QuoteAm also becoming concerned at the financial side of the game - not sure what settings we're using, but because there's no pause in a server game, it's impossible to make changes without bleeding out a fortune in lost revenue. I think the money side of the game needs slowing down - income and expenditure, by maybe a factor of 10. This would also greatly reduce the stress/ urgency of online play- the need to check in twice daily to see if you've gone bankrupt yet.

In single player-games, large scale re-engineering is possible (essential), but it seems in the server games, not to be. My company has gone from £27M to £7m because of the time the work has taken (some of that was expected losses, but I'm nowhere close to finishing, and may well go bankrupt). Mainly it's because other players, inevitably, run the clock on substantially whilst any given player is not online. The only way I can see around this, apart from a server pause function (which would be nightmarish to manage) is to reduce the flow of money in/out.
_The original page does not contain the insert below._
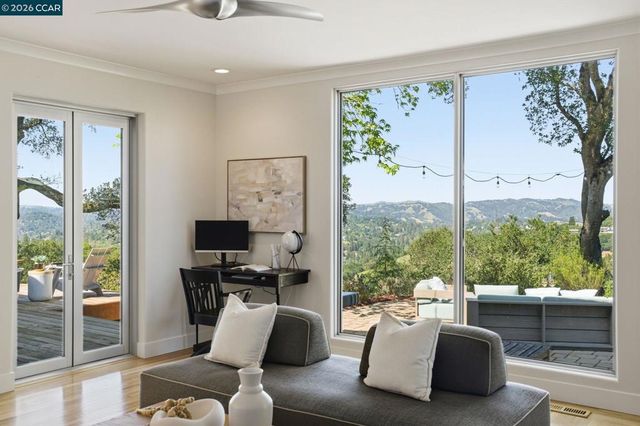 142 Crestview Dr, Orinda, CA 94563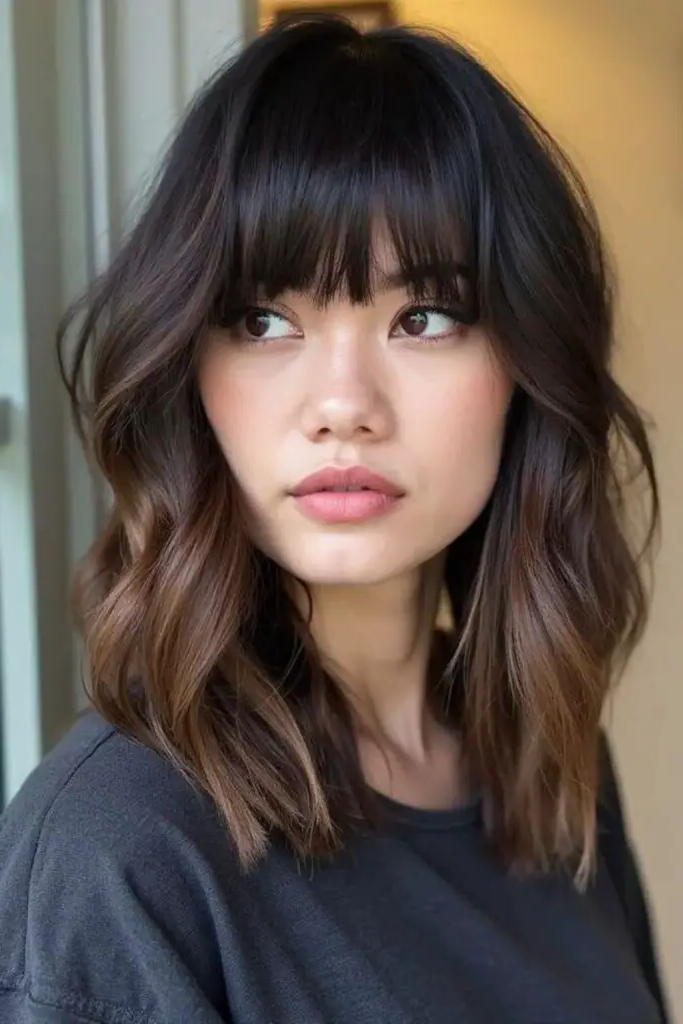 Effortless Lob with Grown-Out Fringe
This issue, and the subsequent discussions, are most interesting and need careful consideration. One thing to consider is that the high turnovers per unit of time are necessitated by the high number of passengers/mail, which are slated for substantial calibration. What I don't know is whether a game in which the number of travelling passengers was more realistic would still exhibit this issue. If it did, the question is what exactly could be made slower? The only way of achieving this, I think, would be to increase the bits per month setting, which would double (or quadruple, or multiply by eight, etc. in factors of two) the time that it takes for each game month to pass, and concomitantly change the relationship between capital costs and monthly costs and per trip/km costs/revenues. Simply decreasing revenues and running costs by the same amount would do nothing useful, as the proportion between them would be the same. I should be interested in any views on the most effective way of addressing this. Is there something to be said for increasing the bits per month setting to 22? This would mean that it really would take a long time for years to pass, I think about 1 every day, assuming that somebody is constantly connected. We perhaps need to assess how things work when the passenger generation is recalibrated, however; or do people think that the issue of the time that it takes to build infrastructure is cause enough to increase this number by itself?

As to the other discussion - station maintenance has been recalibrated completely already in preparation for the release of 0.9.0, and it is right in economic, historical and game-play terms that massive over-expansion (especially by building railway tracks just to save space long before any trains are ready to run on them) ought be financially ruinous. Early railways were built as local affairs and only slowly expanded into large trans-national networks: this should be how it is necessary to build railways in Simutrans-Experimental, too. On refunds, note that 10.16 introduced a new feature whereby a player who is already overdrawn will not be charged any refunds, which should stop players becoming bankrupt by the action of refunds.

As to "marking" routes in advance, the idea of putting down a shadow route then clicking "build" is an idea that has been mooted many times in the past. It would be a massive change to the code and require an enormous amount of work to implement. It has been rejected for Standard for now, and I do not see the coding resources being available to implement it in Experimental any time soon. The way that this would have to work, though, to avoid players just grabbing land for the sake of it or to block competition (this would not have been allowed in reality) is that players would mark their route only for their own convenience: a marking of a route would not stop somebody else from building on it first. This would, unfortunately, reduce substantially the utility of doing so, but there is no way around this. However, there is in some respects much to be said for the current situation: there is a strong disincentive (unrealistically) to "mark" routes for future use because of the maintenance liabilities that doing so will engender. Players ought only to build routes that they are about to use in the near future.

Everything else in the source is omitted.